With Mary Rebecca Ray, New York by August 1856.
Thence by family descent to Madeleine Marie Isabelle Dubois de Courval (1870-1944) via her mother Mary 'Birdie', Viscountess de Courval and subsequently to François de Noailles, Château de Mouchy-le-Châtel, circa 1944.
Thence by descent to the current Duke of Mouchy de Poix.
Sold Les Greniers de Mouchy sale, October 23, 2020, Paris, Auctioneer Hubert 1'Huillier, lot 243.
The daughter of New York merchant and friend of George Washington, James Boggs, Mary Rebecca Boggs married New York merchant Richard Ray in 1832 but was widowed in Paris in 1836. In these four brief years of marriage she two children but only her second daughter also called Mary but known affectionately as 'Birdie' born in 1835 survived. Mother and daughter travelled in Europe in the years after the death of Richard Ray and before settling permanently in Paris when 'Birdie' married Arthur Constant du Bois, Viscounte de Courval in 1856.

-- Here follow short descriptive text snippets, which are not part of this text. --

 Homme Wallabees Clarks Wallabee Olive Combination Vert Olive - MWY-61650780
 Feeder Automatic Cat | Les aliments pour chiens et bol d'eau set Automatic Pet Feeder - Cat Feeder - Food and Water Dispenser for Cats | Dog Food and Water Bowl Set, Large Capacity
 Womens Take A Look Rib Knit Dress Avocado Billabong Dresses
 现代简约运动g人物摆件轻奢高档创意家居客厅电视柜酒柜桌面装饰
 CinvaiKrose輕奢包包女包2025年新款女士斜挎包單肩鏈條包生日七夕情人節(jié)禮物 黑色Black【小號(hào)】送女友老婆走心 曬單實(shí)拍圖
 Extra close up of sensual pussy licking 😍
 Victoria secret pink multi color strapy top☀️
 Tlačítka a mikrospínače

In the summer of 1852, whilst visiting Florence, Mary Rebecca Boggs Ray made an appointment at the studio of the celebrated and renowned American sculptor Hiram Powers for a sitting for herself and her daughter which took place between the 8th and the 18th April 1853.
The two likenesses were cut in the Powers studio in Florence by his master carver Antonio Ambuchi in 1853 and were due to be shipped to New York in 1854 but various problems resulted in the delay of the shipping of the consignment via the 'SS Peter' from Florence to New York until January 1856 and they were finally received in the summer of 1856.
Various correspondence between Powers and Mary Rebecca Lloyd Boggs Ray regarding the appointments for the sitting and the commission including the delay and confirmation that the busts had been received between 1853 and 1857 reveal that Powers was also commissioned to produce further plaster casts of each portrait bust as gifts for family members. However is not known if these commissions were ever realised.
Both busts passed by family descent from mother and daughter to Madeleine Marie Isabelle Dubois de Courval (1870-1944), granddaughter of the sitter for the offered lot, after she married Napoléon Eugène Emmanuel Joseph Marie 'François' de Noailles de Mouchy de Poix formerly Noailles (1866-1900), known as 'The Prince of Poix' and son of Antoine, Duc de Mouchy and Anna, Princess Murat (granddaughter of the King of Naples). However the bust was not recorded in the collection of the Château de Mouchy until the 1940's as the estate most likely passed to his son Henry, whose father 'François' had died in 1900, nine years before his grandfather. As such the widowed Madeleine de Courval, Princess of Poix, never settled permanently in Mouchy, instead living in a mansion at the bottom of the Place des Etats Unis and at the Villa Courval in Trouville so it is likely the bust arrived in Mouchy after passing to her son in 1944.
Related Literature
R. P. Wunder, Hiram Powers Vermont Sculptor, 1805 -1873, Newark, Delaware, 1990, p. 32 (bust of Mary 'Birdie', Viscountess de Courval, née Ray), p. 88 (bust of Mary Rebecca Boggs Ray), also p. 217 (hand of of Mary 'Birdie', Viscountess de Courval née Ray).